Com dez dias de vida da minha bebê eu surto! Coloco tudo no carro, incluindo o marido e vou ao shopping!
Preciso sair, respirar, sentir-me livre outra vez! 
No entanto, arrependi-me no segundo minuto em que piso lá. Sou abordada por uma desconhecida que diz: "Que linda! Quantos dias ela tem? Coitadinha, parece tão novinha!!!"
Pronto! Sinto-me imediatamente a pior mãe do mundo! A mais insensível, a mais irracional...e daí que precisava sair? Mãe não pode ter querência! Não pode! Não pode!
Volto para casa aos prantos...jurando nunca mais sair com ela junto...
Dois meses! Foi o tempo que levei para tirar outra vez minha boneca de casa. E só o fiz porque era Natal...e a família insistiu.
Antes não tivesse ido... Meu mundo não batia mais com de ninguém! Vivia paralelamente... Numa solidão tão brilhante que ofuscava as pessoas ou tornava-me invisível... mas, entendam, isso estava em mim, ninguém era responsável...
Fui dormir às oito da noite. Acordei às seis (sim a Bela dormiu pela primeira vez a noite inteira, eu amo o Papai Noel!). Ninguém estava em pé...voltei para o quarto para amamentar. Coloquei-me em meu lugar de mãe! Exatamente como deve ser! Disfarçava bem! Escondia que era mãe revoltada, daquelas que sentia falta de conversar, rir, ouvir, sem ser interrompida por alguém dizendo: "Não presta falar enquanto amamenta!" POR QUE não presta? Quem disse isso pesquisou, analisou a situação? Porque se passo seis horas fazendo isso, conversarei em qual outro momento?
Ei! Estou aqui também, minha gente, faço tudinho por minha princesa, mas continuo tendo vontades, querendo coisas, existindo...
Como gesto de total rebeldia encasquetei com a ideia de não deixar de sair, por uma hora, a cada quinze dias e fazer minha unha! Merecia isso!
Quanto a todo o resto...deixei de existir e passei a olhar a pessoa que sempre fui como a uma estranha.
De repente peguei-me virando os porta-retratos de casa para não ter que encarar o fato de que tudo seria passado para mim... desviava o olhar de tudo que me fizesse ver que nada voltaria a ser como antes...

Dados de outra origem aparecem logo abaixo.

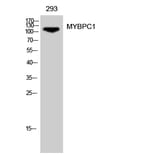 Western Blot - Anti-MYBPC1 Antibody (C16778) - Antibodies.com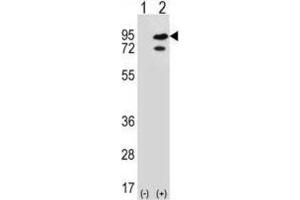 Western Blotting (WB) image for anti-SNF Related Kinase (SNRK) antibody (ABIN3003076) (SNRK 抗体)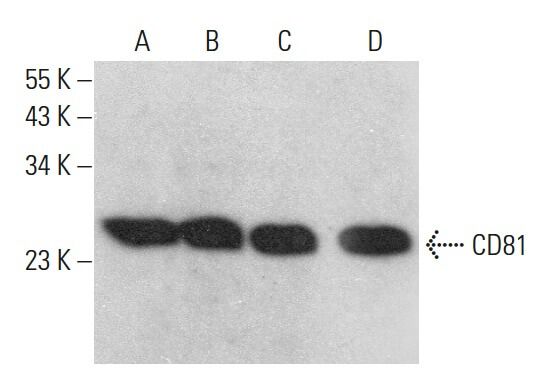 CD81 Antibody (H-121) | SCBT - Santa Cruz Biotechnology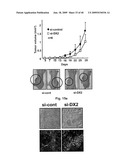 AIMP2-DX2 Gene and SiRNA Targeting AIMP2-DX2 diagram and image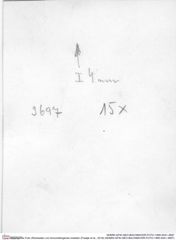 Historisches Foto (Rückseite) von Annuntidiogenes hoelderi (Fraaije et al., 2019) (NHMW-AFW-GEO-BACHMAYER-FOTO-1990-0041-3697)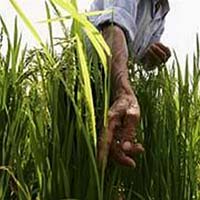 Gạo mang gene người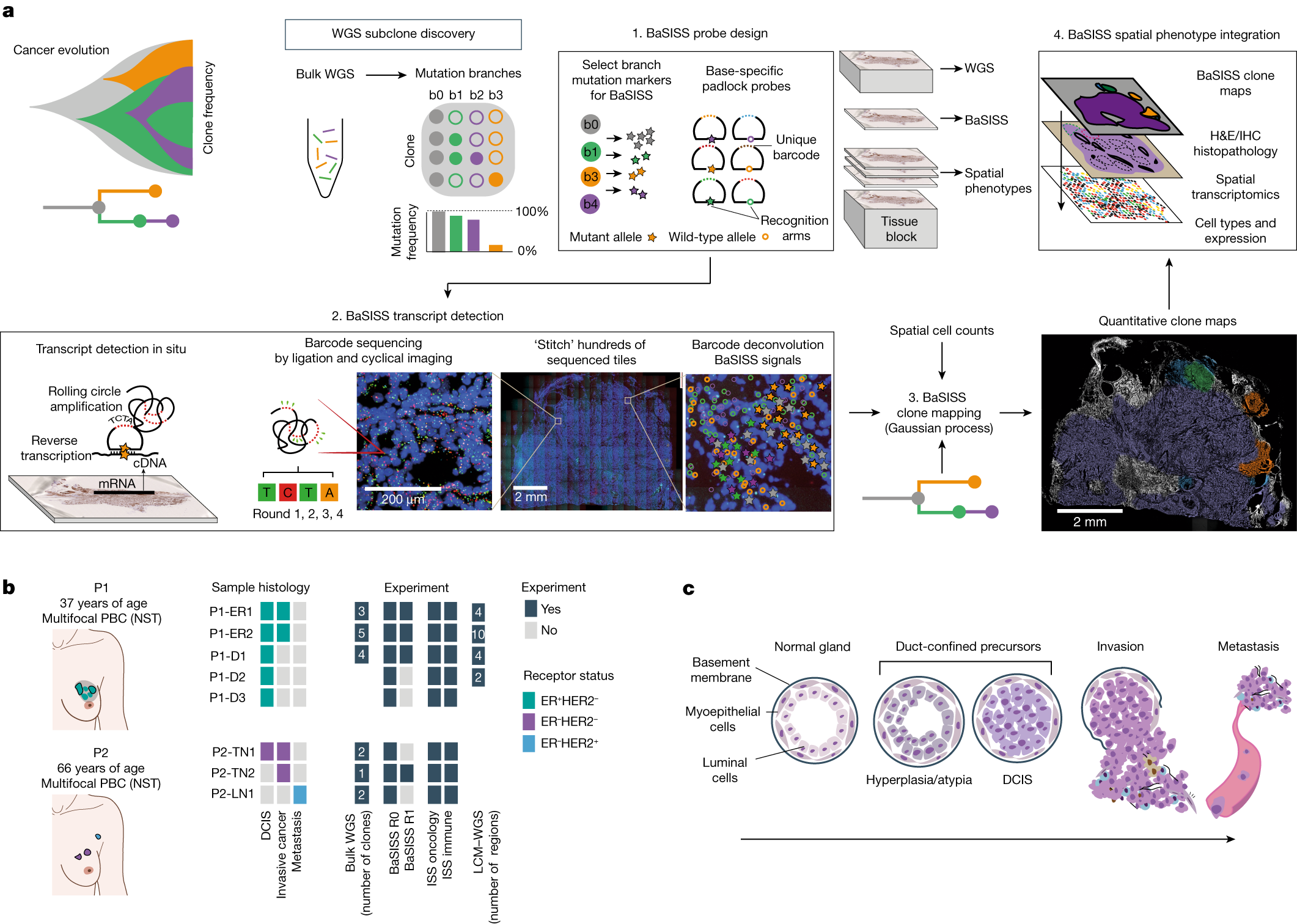 Spatial genomics maps the structure, nature and evolution of cancer clones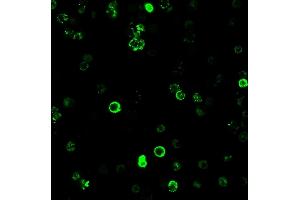 Immunofluorescence (IF) image for anti-CD8a Molecule (CD8A) antibody (ABIN6941073)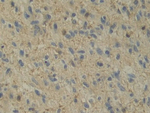 IL-12 p35 Antibody in Immunohistochemistry (Paraffin) (IHC (P))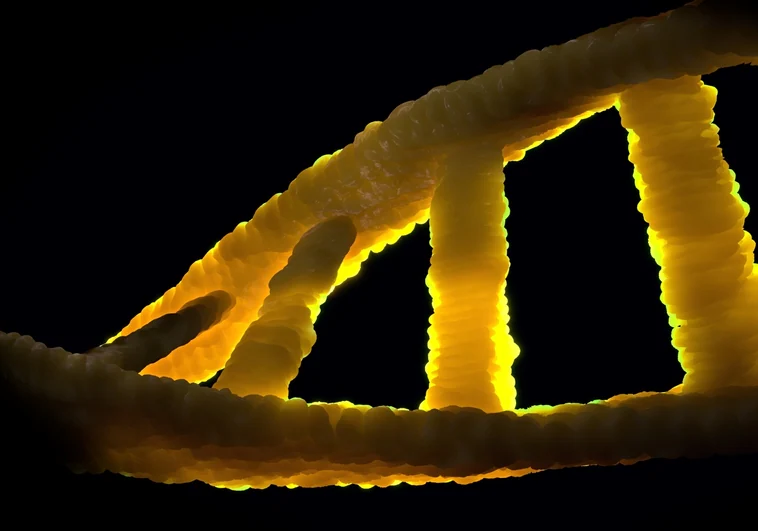 Un equipo español halla 100 nuevos genes asociados con el cáncer de colon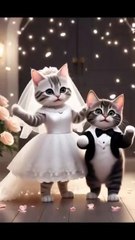 . “Looks like playtime… but wait till the end 🐾🎭”#Viral, #FYP, #Trending, #CuteCats, #KittenLove, #CatTok, #MeowTok, #CatLovers, #MysteryVibes, #PetTok, #FunnyCats, #CatContent, #SuspenseCat, #ViralKitten, #CatsOfTikTok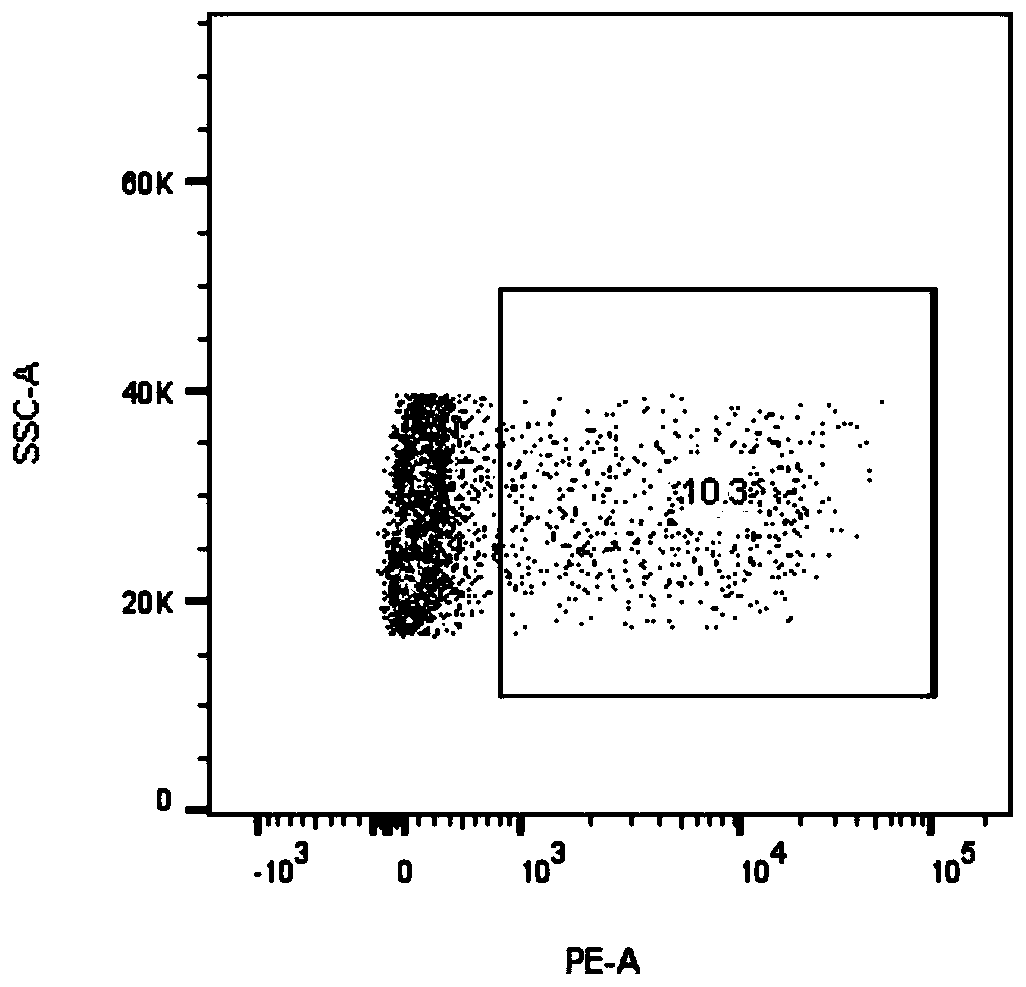 A specific T cell receptor for egfr L858R gene mutation and its application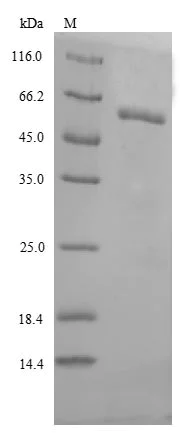 SDS-PAGE - Recombinant Human GBA protein (AB235716)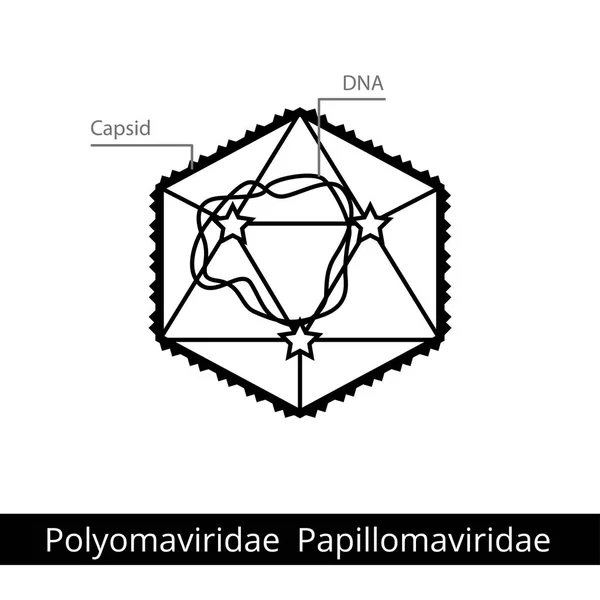 Polyomaviridae Papillomaviridae. Klassificering av virus. — Stock vektor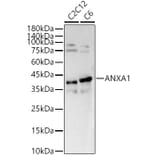 Western Blot - Anti-Annexin A1/ANXA1 Antibody (A13250) - Antibodies.com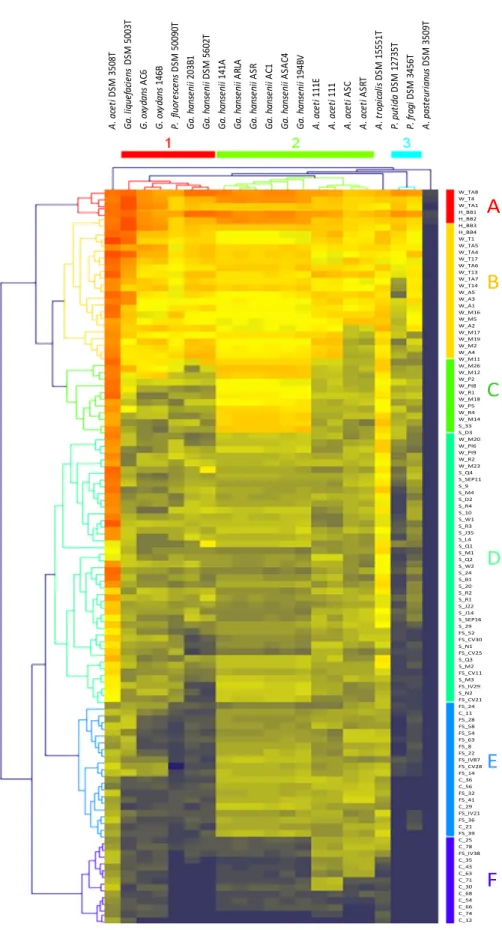 Figure  3.1A.  Heat  map,  using  Hierarchical  clustering  and  Euclidean  distance  (Software  Genesis),  obtained  by  the  analysis  of  results  from  the  agar  well  diffusion  assay  conducted  on  110  Lb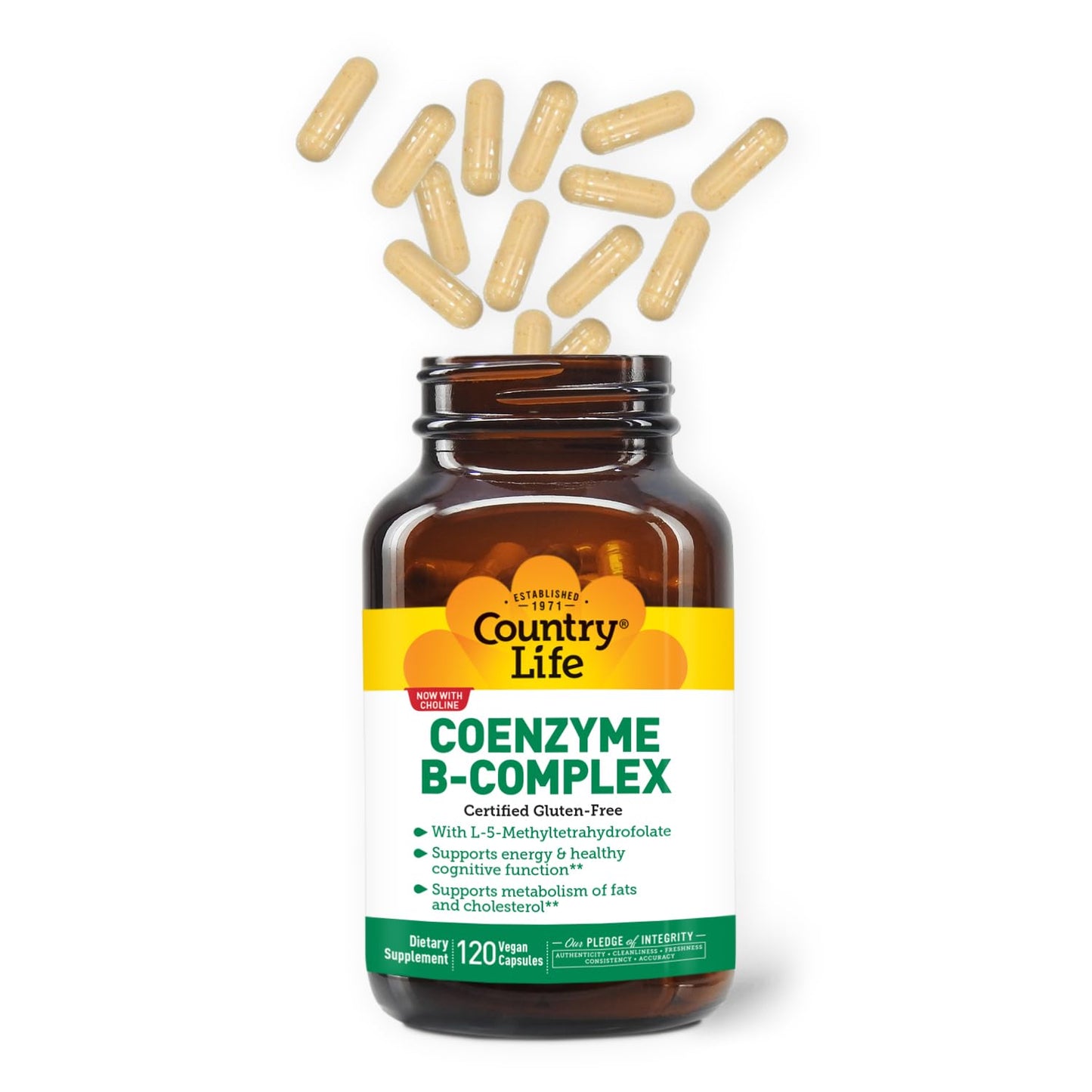 Country Life Coenzyme B-Complex, 120 Capsules – Supports Energy & Metabolism, Mood & Cognitive Function – Vegan, Gluten-Free, Bioavailable B Vitamins with Choline Nirvana Guru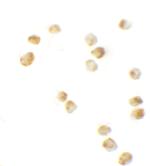 SPTLC2 Polyclonal Antibody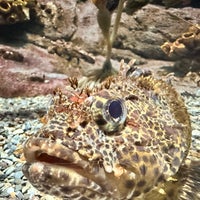 Das Foto wurde bei OdySea Aquarium von Emma G. am 4/24/2023 aufgenommen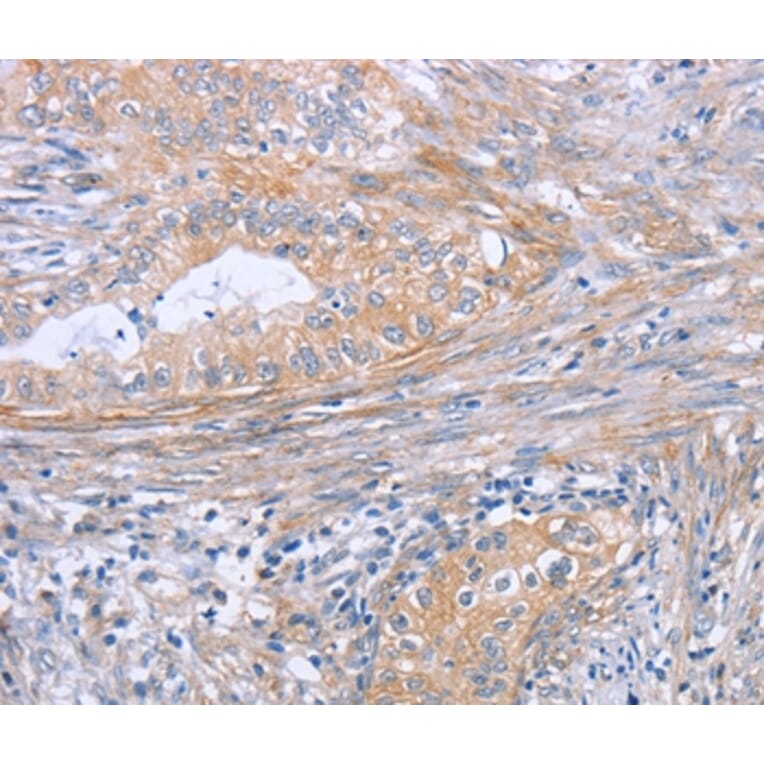 Immunohistochemistry - BOD1 Antibody from Signalway Antibody (37445) - Antibodies.com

Foi uma fase difícil... enterrei-me tantas vezes, mas insistia em reviver... olhava pela janela de madrugada para lembrar-me de que a vida seguia e que teria que colar meus pedacinhos o quanto antes...precisava disso com urgência!
Minha mãe do céu foi me norteando, guiando e, pouco a pouco, fui entendendo que tudo seria diferente para sempre! E precisava me adaptar, era questão de sobrevivência...
Uns falavam em depressão, outros só olhavam, fato é que houve um tempo em que ninguém mais contestava minhas ações, apenas se calavam, desviando os olhos dos meus.
Chamo os três primeiros meses de minha filha de "tempo difícil".
Fora isso...meu amor de mãe só crescia, crescia, grande e sólido! Ele salvou-me! Por minha garotinha segui...
Não gente... não pensei em me matar ou coisa do tipo... nunca! Pelo contrário: pensava só em viver! Era isso que queria... viver! Ter para mim uma horinha por dia... só isso... já seria bom... já seria o suficiente.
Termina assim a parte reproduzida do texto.